At a meeting at Doncaster Jobcentre Plus I was told about the growing extent of firms employing people on zero-hours contracts. One example is homecare workers, people who assist elderly or disabled people, so they can live independently at home.
The excellent national report into homecare, Time to Care, by Unison, revealed that nearly six out of 10 were paid the minimum wage. Six out of 10 were not paid for the time travelling between clients’ homes. Imagine if you make your first visit in Thorne, then drive to Dunsville, then Bessacarr, Edlington etc. Some are not even reimbursed their petrol.
Channel 4 News recently suggested that zero hours contracts were used by Doncaster Council. I wrote to both DMBC and St Leger Homes and the replies insisted that neither encourages zero hours working.
Zero-hours contracts mean insecurity and stress for too many Doncaster families. Some on these contracts have to sacrifice time with their kids, to be available at the drop of a hat for their employer, even if there is no work. Others are required to work exclusively for one employer with no guarantee that they will get enough hours to pay the bills. How can a person be employed on a zero-hours contract even though, in practice, they work regular hours, for the same employer, week in week out? That’s why Ed Miliband says it’s time to change the law.
What would we do? First, ban employers from insisting zero-hours workers be available even when there is no guarantee of any work; stop zero-hours contracts that require workers to work exclusively for one business and end the misuse of zero-hours contracts where employees are in practice working regular hours over a sustained period.
Both employers and employees need flexibility. Zero-hours contracts can be useful for certain jobs or professions. But flexibility is no excuse for the exploitation of hard-working people.
I’m all for flexibility, but not the kind that means you are told on the day there is no work; yet if you turn down some hours at short notice, you never get asked to work again. And what kind of flexibility leaves you unable to pay the rent or do the weekly shop. We’ve got to put a stop to it.

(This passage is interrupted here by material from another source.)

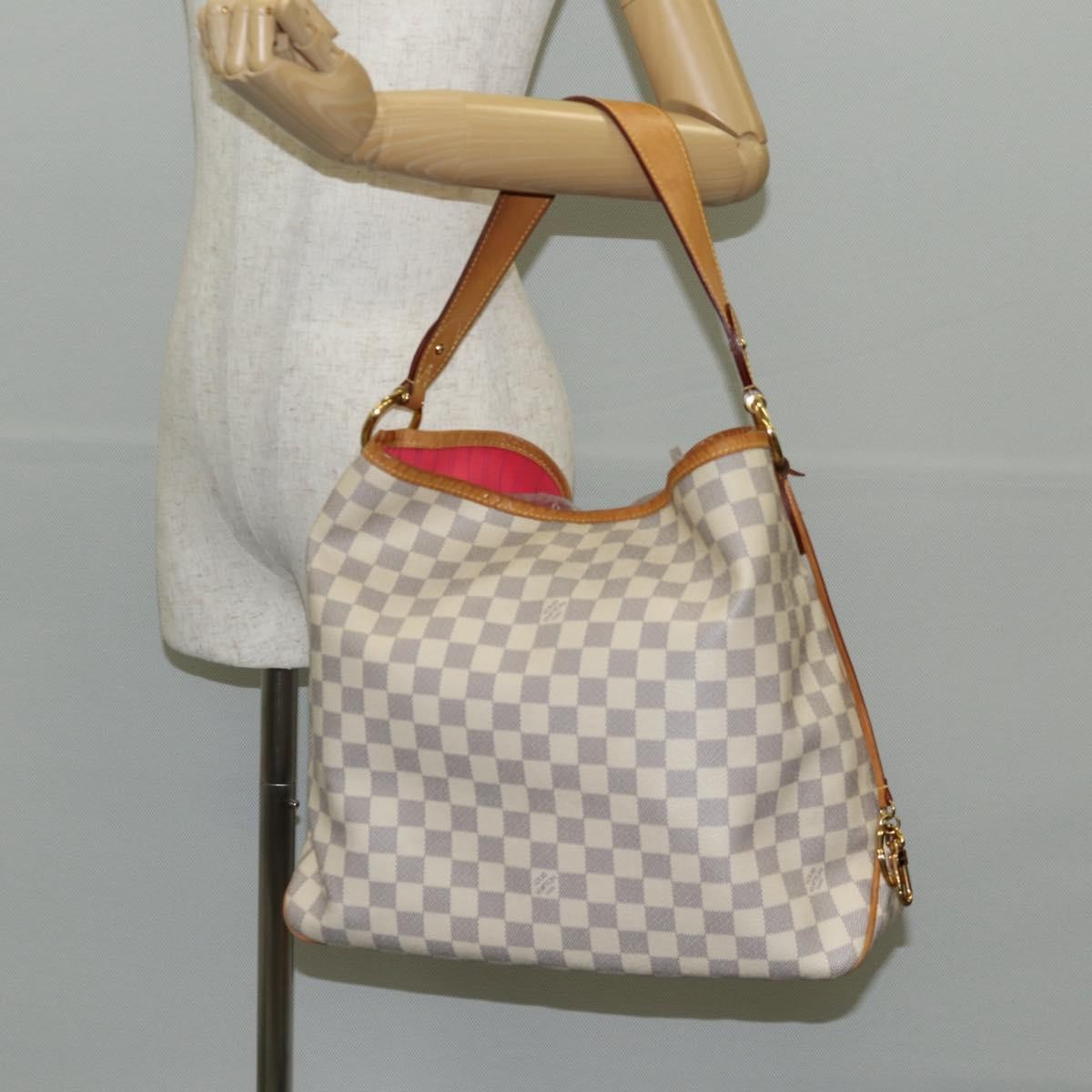 Louis Vuitton Delightful NM Handbag Damier, WHITE, CANVAS, Handbag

The Prime Minister boasts that he’s fixed Britain’s economy, but if an economic recovery only benefits a few at the top, it’s no recovery at all. The vast majority of hard-working people, and too many employed on unstable zero-hours contracts, just see more dark clouds and no silver lining.
We need to build an economy that works for workers Doncaster was built on hard work. I want people to feel secure at work and proud to work. Ending the exploitative use of zero-hours contracts is a step towards this.